Recordemos que, no afastamento de Dilma e de Lula,
respetivamente da presidência e do cenário político brasileiro, foi justamente
a Justiça que assumiu o papel fundamental. O poder judicial e o Ministério
Público interviram, de forma semelhante, em relação àqueles dois políticos, assumindo
um papel que, antes, em tais situações, era atribuído aos militares.
Hoje, para fazer frente ao movimento bolsonarista
que procura, mais uma vez, interromper o processo democrático, foi, de novo, o
sistema de Justiça que foi acionado: o mesmo sistema de Justiça, os mesmos
juízes e procuradores. Só que, agora, agindo, aparentemente, em sentido
contrário. Podemos, assim, constatar que, mais recentemente o MP e os tribunais
têm sido chamados a assumir uma intervenção que, mesmo quando não sendo de caráter
político, tem inevitavelmente resultados políticos determinantes.
Não é de agora - é de sempre - a vocação dos políticos
de todos os regimes quando querem endossar suas medidas mais drásticas que
desejam usar contra os seus inimigos, transferem as responsabilidades para
procuradores e juízes. Isto aconteceu na Alemanha nazista, também durante o
estalinismo, em Portugal durante o salazarismo, na Espanha de Franco, no Reino
Unido na luta contra o IRA - o caso verídico do julgamento retratado no
filme «Em nome do pai», de Jim Sheridan, ilustra bem tal processo. Geralmente
quando é convocada, a Justiça sente-se sensibilizada, fazendo assim o papel que
se espera dela.
Os erros começam, quando em nome de determinadas
prioridades da política, no nosso caso – quer o MP, quer, em consequência, os
tribunais são convocados a integrar as chamadas “força tarefa” lutas contra
certos tipos de crime: pode ser a luta contra a droga, contra a corrupção,
contra criminalidade digital, contra as redes mafiosas de tráfico de pessoas,
etc. Apesar de não percebermos, os problemas e distorções começam a surgir
quando as autoridades judiciais e judiciárias começam a passar, sem sentido
crítico e o distanciamento indispensável e ao incorporar no seu vocabulário
funcional esse tipo de expressão - «a luta contra» - faz, a gente adivinhar que
exista um “conluio” ou alinhamento
político-institucional.
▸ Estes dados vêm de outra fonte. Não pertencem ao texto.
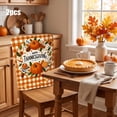 thumbnail image 6 of Antqov Fall Chair Covers Set of 2, Washable Pumpkin Maple Leaf Thanksgiving Chair Covers for Dining Chairs, Removable Chair Slipcovers for Kitchen Holiday Party Home Decor, 6 of 6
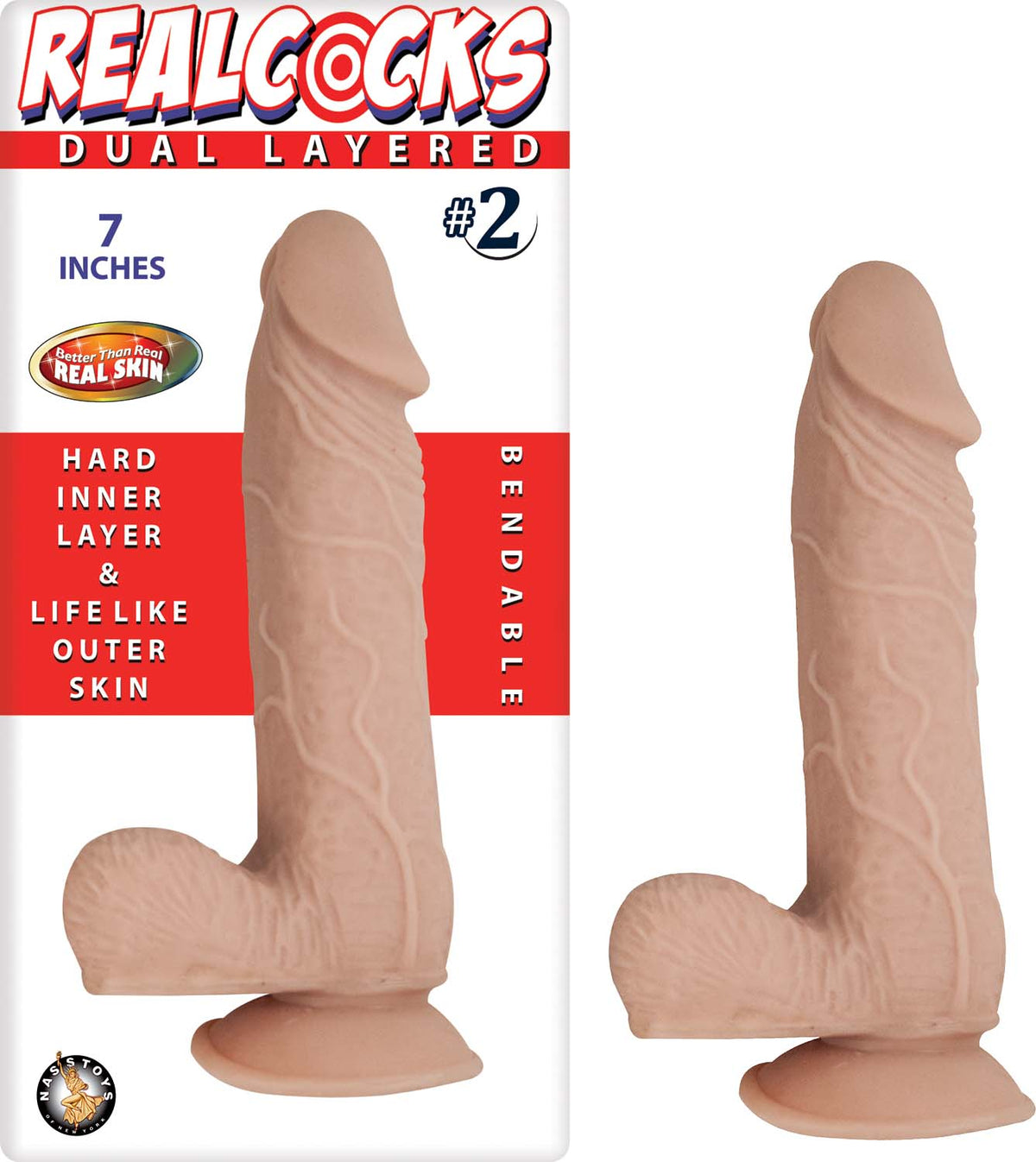 "Realcocks Dual Layered #2 - Flesh NW2781-1"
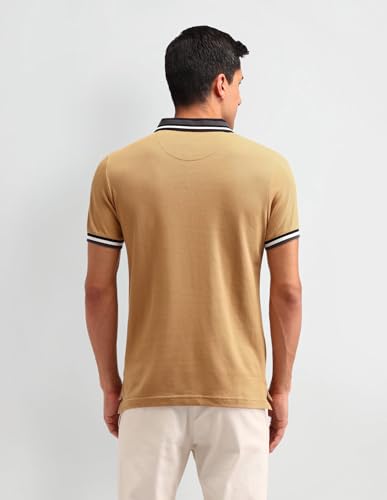 Image of U.S. Polo ASSN. Solid Slim Fit Polo T Shirts for Men - 100% Cotton, Half Sleeves Mens Tshirt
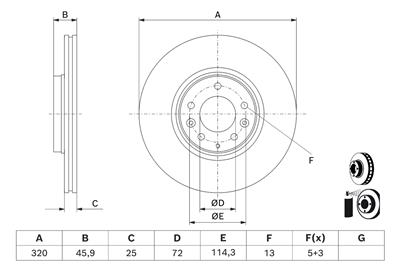 BOSCH 0 986 479 D74 Číslo výrobce: BD2560. EAN: 4047026140828.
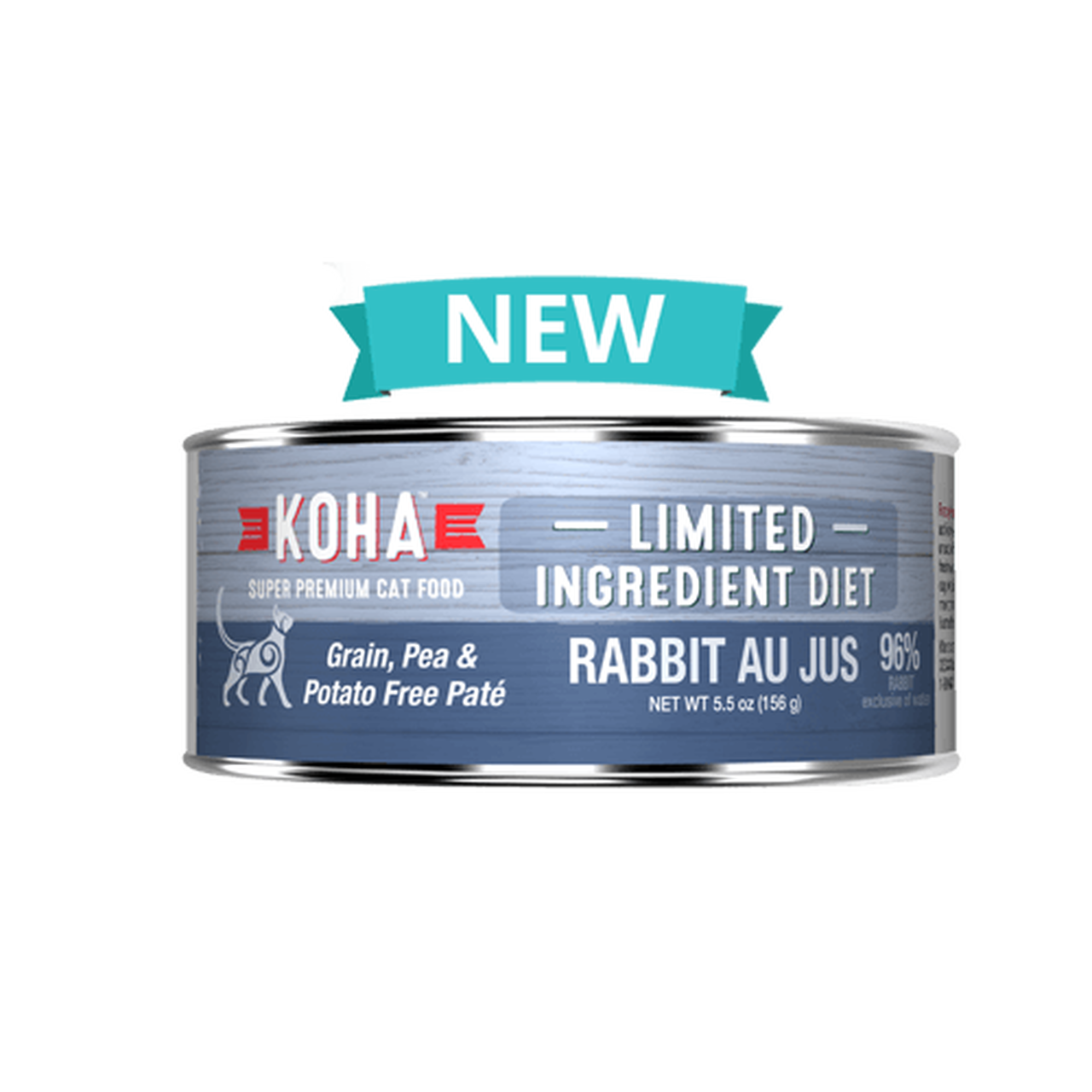 อาหารเปียกสุดพรีเมี่ยม KOHA Limited Ingredient Diet Rabbit Au Jus for Cats สูตรควบคุมโภชนาการ 85 กรัม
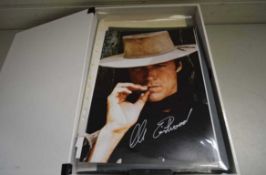 ALBUM CONTAINING RANGE OF SUNSET LAKE SIGNATURES, PHOTOGRAPHS, TO INCLUDE CLINT EASTWOOD, JIMMY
Acontece, porém,
que ao incorporar este tipo de linguagem acaba, muitas vezes, funcionando como argumento
para determinar as decisões que, por fim, são tomadas pela Justiça.
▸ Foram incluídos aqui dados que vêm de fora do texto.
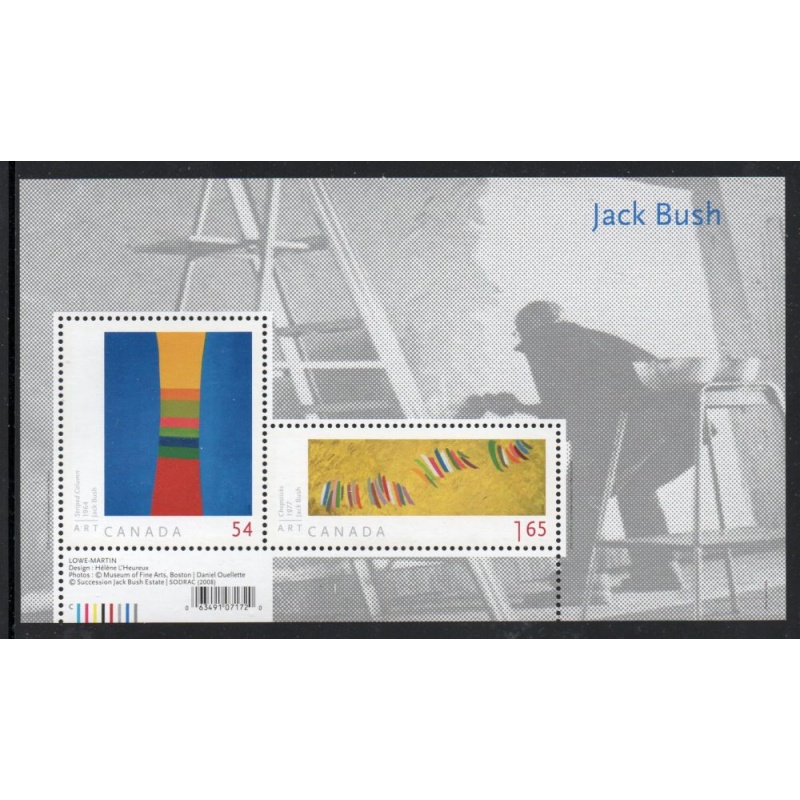 Canada Scott 2322 2009 Jack Bush Paintings stamp sheet mint NH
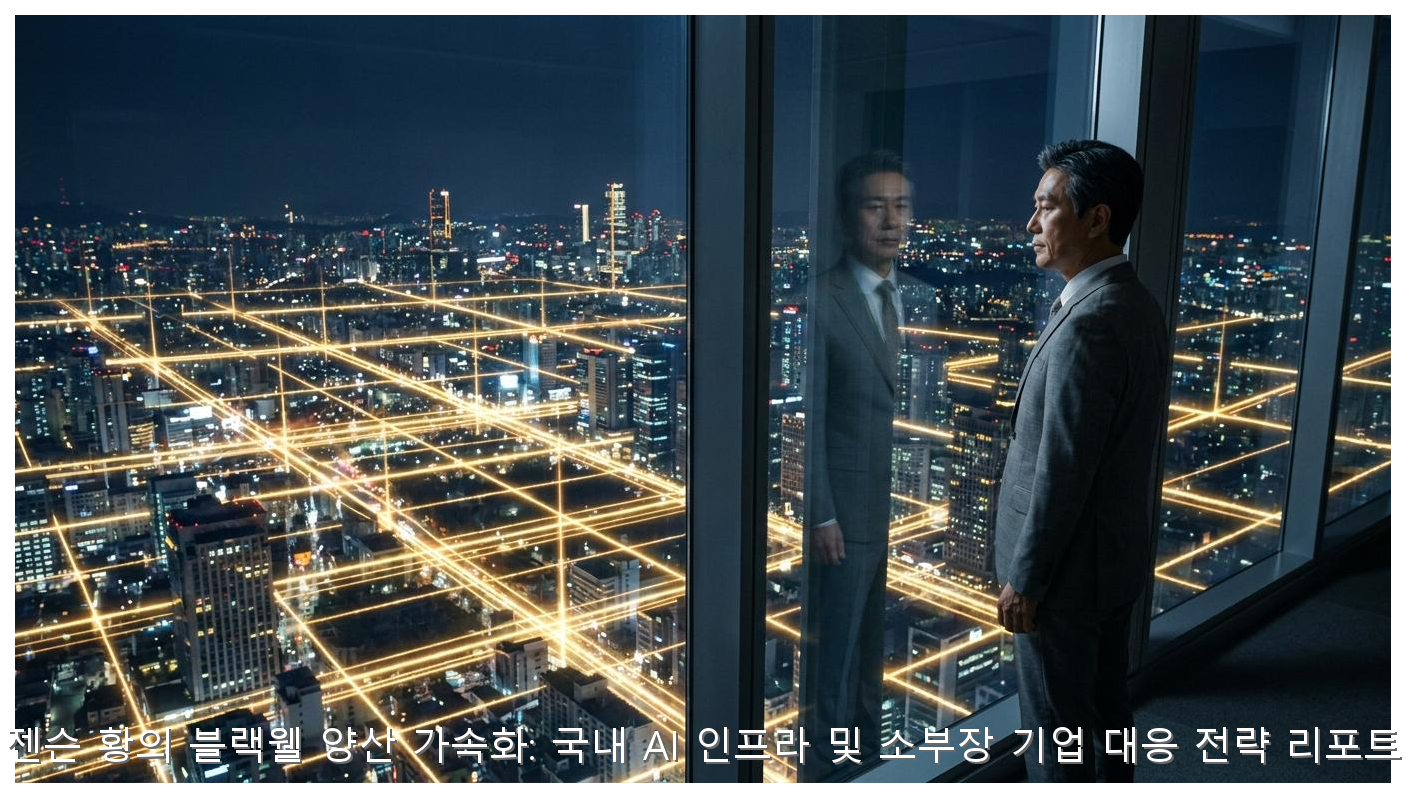 젠슨 황의 블랙웰 양산 가속화: 국내 AI 인프라 및 소부장 기업 대응 전략 리포트 핵심 안내 및 분석 인포그래픽 (5)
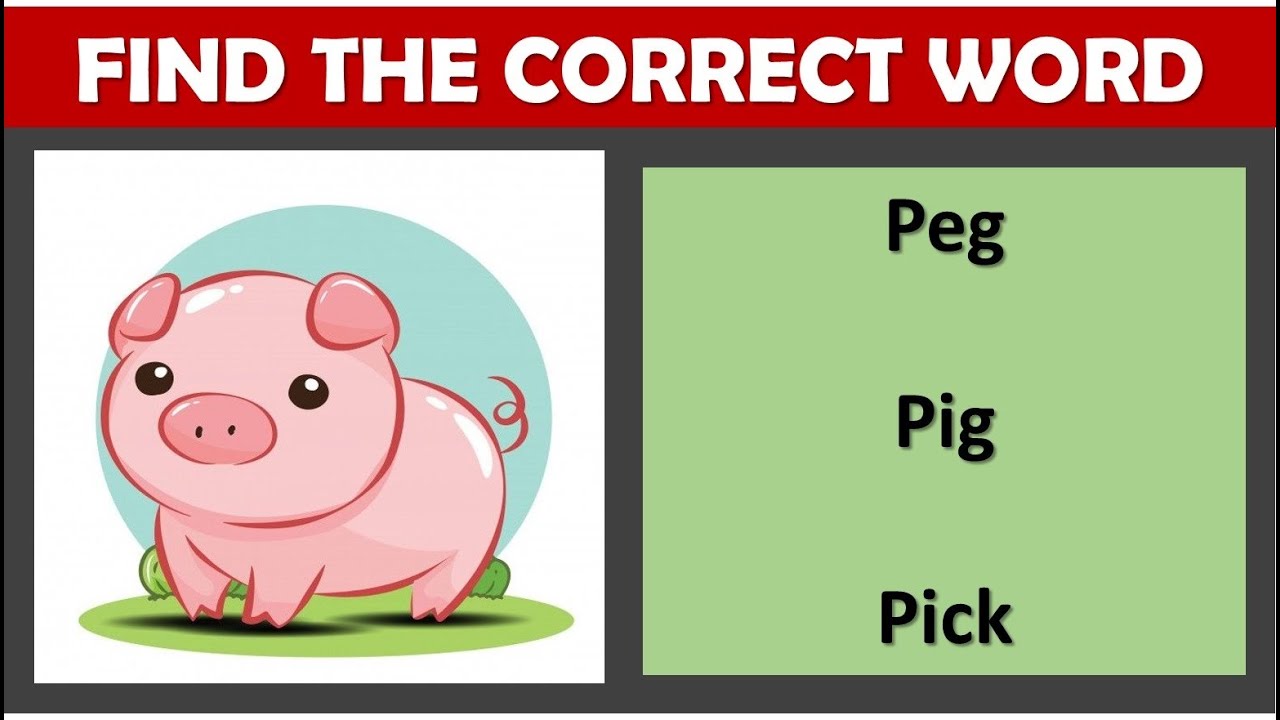 Find The Correct Word Word Game Kid Friendly Learn English Vocabulary Game 英語詞彙遊戲 英語學習 Youtube Find The Correct Word Word Game Kid Friendly Learn English Vocabulary Game 英語詞彙遊戲 英語學習 Youtube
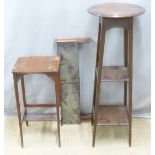 Two jardiniere stands, tallest 99cm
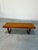 1960s Large Mid Century Modern Danish Teak Bench With Pull Out Tray For Sale - Image 5 of 12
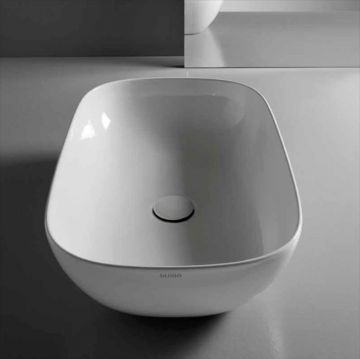 Раковина Globo (Глобо) T-Edge -чаша 60х41х16 см, без отверстий, на столешницу, цвет: белый B6R60.BI*0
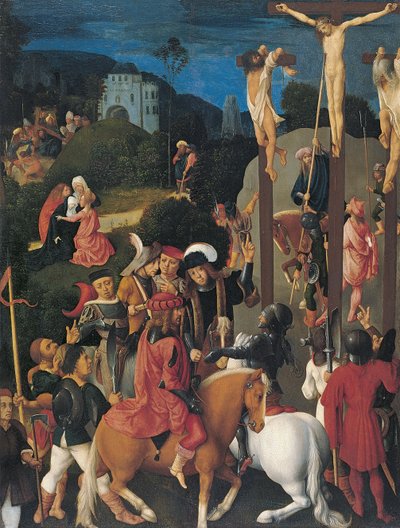 Korsfestelsen av Master of the Virgo Inter Virgines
O que gostaríamos de abordar é a fragilidade de
equilíbrio em que, quase sempre, a Justiça se deixa colocar ante a intervenção
da mídia e dos outros poderes institucionais nas suas decisões. Queremos chamar
a atenção do leitor que, a expressão: «à justiça o que é da Justiça e à
política o que é da política» até na democracia é mais retórica do que de fato.
Os juristas – magistrados e advogados – devem, portanto, assumir que o seu papel,
mesmo quando dizem o contrário, numa democracia é tão político como nos regimes
autoritários. Nas ditaduras o alinhamento político da sua intervenção e das
suas decisões são apenas assumido de maneira mais ostensiva. Na democracia,
não: isso, geralmente, não é possível.
Como professor de filosofia, gostaria de deixar
claro que o primado do Estado de Direito e a consequente divisão dos poderes do
Estado, torna tal evidência menos notória. Por isso, exigimos sobretudo dos
magistrados, que, mesmo na democracia, adotem uma maior atenção e vigilância críticas
sobre o papel que, em cada momento, lhes é solicitadas.